13. Log Analysis

Chapter 13 of 15 · 20 min

Finding Signal in Noise

Application logs for AI systems contain three types of messages: information (normal operation), warnings (suboptimal but functional), and errors (action required). Error messages from different layers look different.

Application Layer Errors

ValueError: cannot sample with temperature=0.0 using greedy decoding

This is a parameter validation error. Fix: set do_sample=True when using temperature > 0, or set temperature=0 and use greedy decoding.

Runtime Layer Errors

RuntimeError: CUDA error: an illegal memory access was encountered

This means the kernel attempted to read or write memory outside valid addresses. Causes: tensor shape mismatch, index out of bounds, or corrupted model weights.

Driver Layer Errors

NVRM: Xid: GPU 0: GPU fault: reasons...

These NVIDIA kernel driver messages in dmesg indicate hardware-level problems—typically overheating, power supply issues, or driver corruption. Rebooting clears the error state but does not fix the underlying cause.

Structured Log Collection

# Collect logs from Ollama
journalctl -u ollama --no-pager -n 100

# Collect Docker logs
docker logs --tail 200 your-container-name > docker_logs.txt

# Collect GPU error log
sudo dmesg | grep -E "(nvidia|NVRM|GPU)" > gpu_logs.txt

Local verification checkpoint

Run the smallest example from this chapter in a local workspace and record the package version, runtime, data path, and observed output. If the result depends on model size, vector count, CPU/GPU backend, or available memory, note that constraint beside the exercise so the lesson remains reproducible.

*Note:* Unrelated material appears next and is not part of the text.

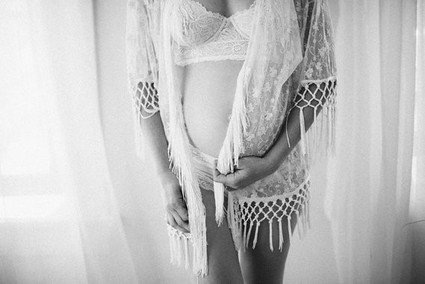 Mother-daughter maternity photos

Local verification checkpoint

Run the smallest example from this chapter in a local workspace and record the package version, runtime, data path, and observed output. If the result depends on model size, vector count, CPU/GPU backend, or available memory, note that constraint beside the exercise so the lesson remains reproducible.

EXERCISE

Intentionally trigger three different error types: a parameter validation error (pass invalid temperature), a memory error (load a model larger than VRAM), and observe an application log. Compare how the error messages differ across these categories.